• WHAT TO WORK ON
Your copy of the data should leave out the images and match everything else exactly.

• DATA EXCERPT
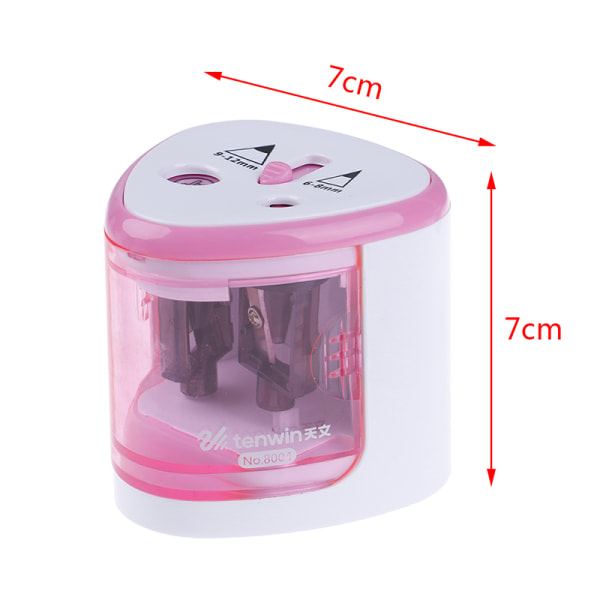 1 st elektrisk dubbelöppningsbatteridrevet pennvässare Pink
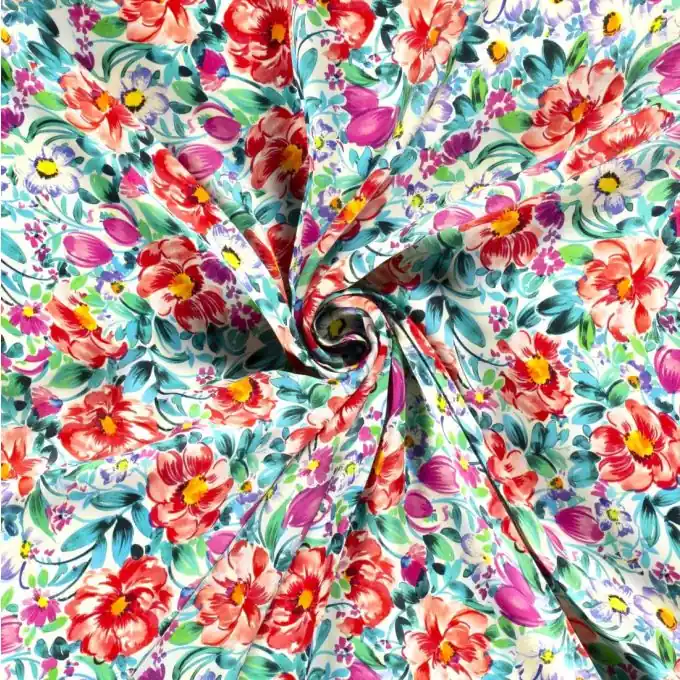 Rabatt Viskose-Stoff Blumen grün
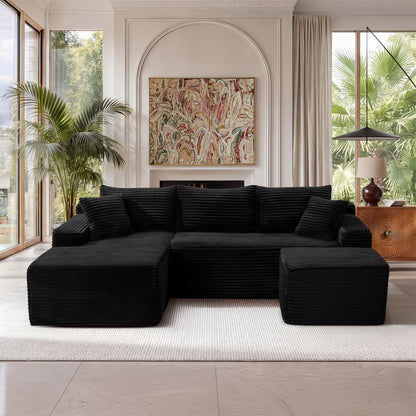 106.3" U-Shaped Cloud Sectional Sofa with Deep Seat,No Assembly Required,Modular Couches Sleeper for Living Room,Bedroom,Apartment image 1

• SOLUTION FOR THIS PROBLEM
 1 st elektrisk dubbelöppningsbatteridrevet pennvässare Pink
 Rabatt Viskose-Stoff Blumen grün
 106.3" U-Shaped Cloud Sectional Sofa with Deep Seat,No Assembly Required,Modular Couches Sleeper for Living Room,Bedroom,Apartment image 1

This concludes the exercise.